Segment Start: PROVIDED DATA

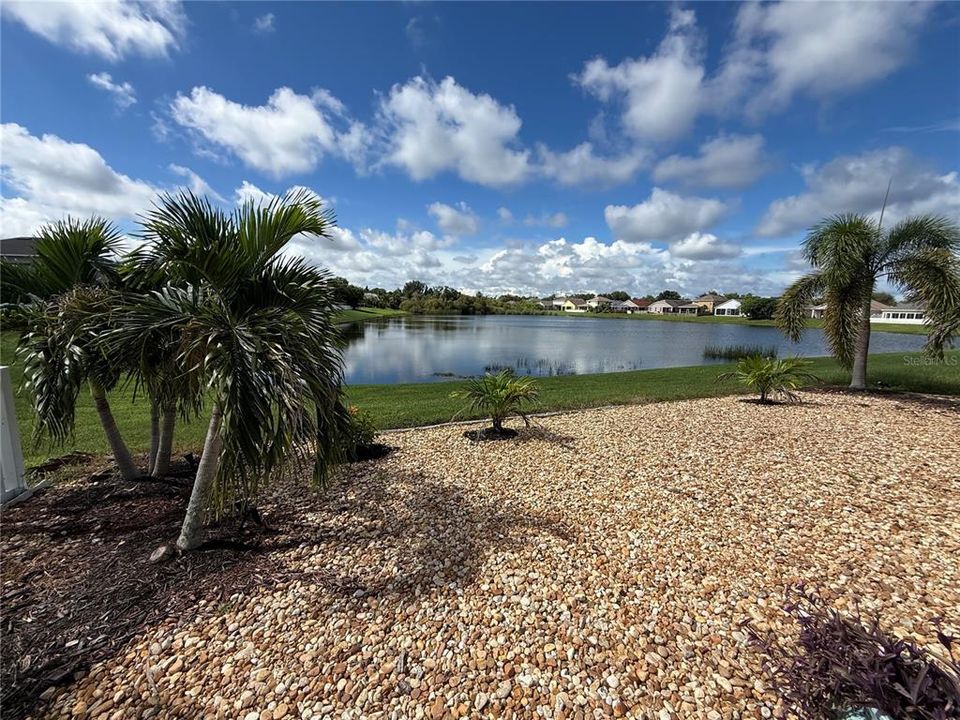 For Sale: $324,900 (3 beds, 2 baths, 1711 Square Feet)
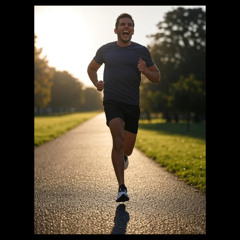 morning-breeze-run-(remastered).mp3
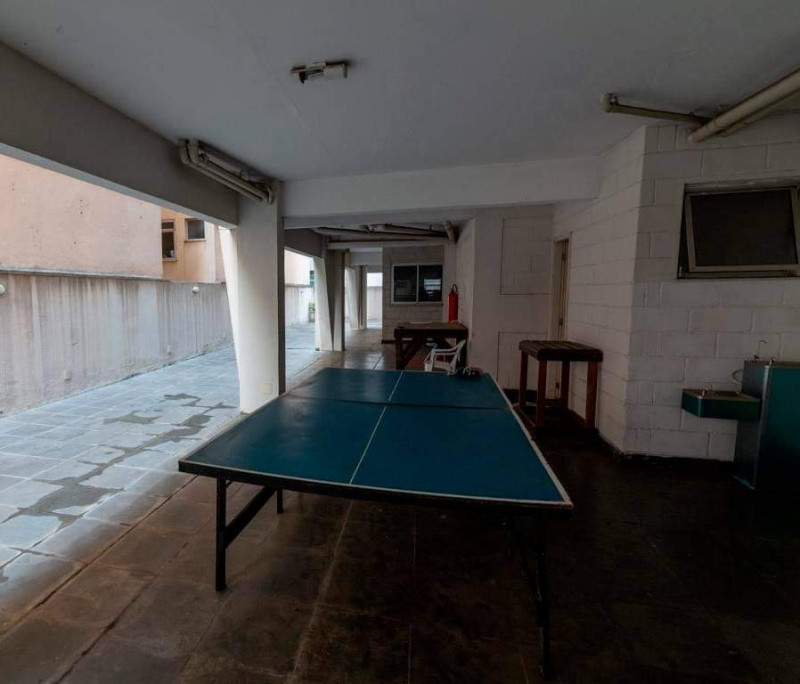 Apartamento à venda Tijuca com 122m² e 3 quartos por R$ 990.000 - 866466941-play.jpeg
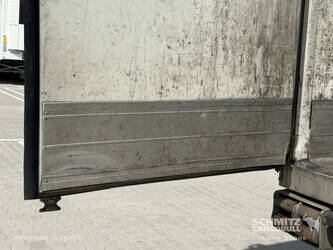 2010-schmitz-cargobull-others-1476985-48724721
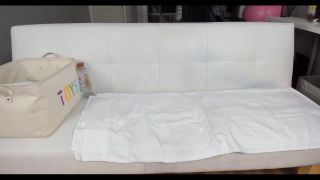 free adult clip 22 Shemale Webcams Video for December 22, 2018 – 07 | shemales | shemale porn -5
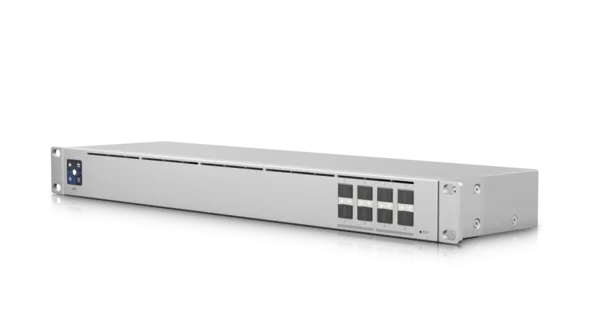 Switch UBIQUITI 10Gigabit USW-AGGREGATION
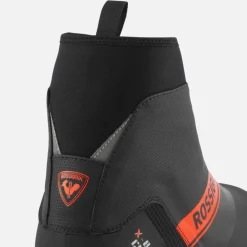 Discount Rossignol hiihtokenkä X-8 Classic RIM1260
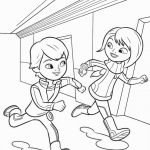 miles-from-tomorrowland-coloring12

Segment End: PROVIDED DATA

EXERCISE GOAL -> The lines from the one containing "morning-breeze-run-(remastered).mp3" to the end of the material must be output exactly, both ends included; no picture may appear.

REPLY ->
 morning-breeze-run-(remastered).mp3
 Apartamento à venda Tijuca com 122m² e 3 quartos por R$ 990.000 - 866466941-play.jpeg
 2010-schmitz-cargobull-others-1476985-48724721
 free adult clip 22 Shemale Webcams Video for December 22, 2018 – 07 | shemales | shemale porn -5
 Switch UBIQUITI 10Gigabit USW-AGGREGATION
 Discount Rossignol hiihtokenkä X-8 Classic RIM1260
 miles-from-tomorrowland-coloring12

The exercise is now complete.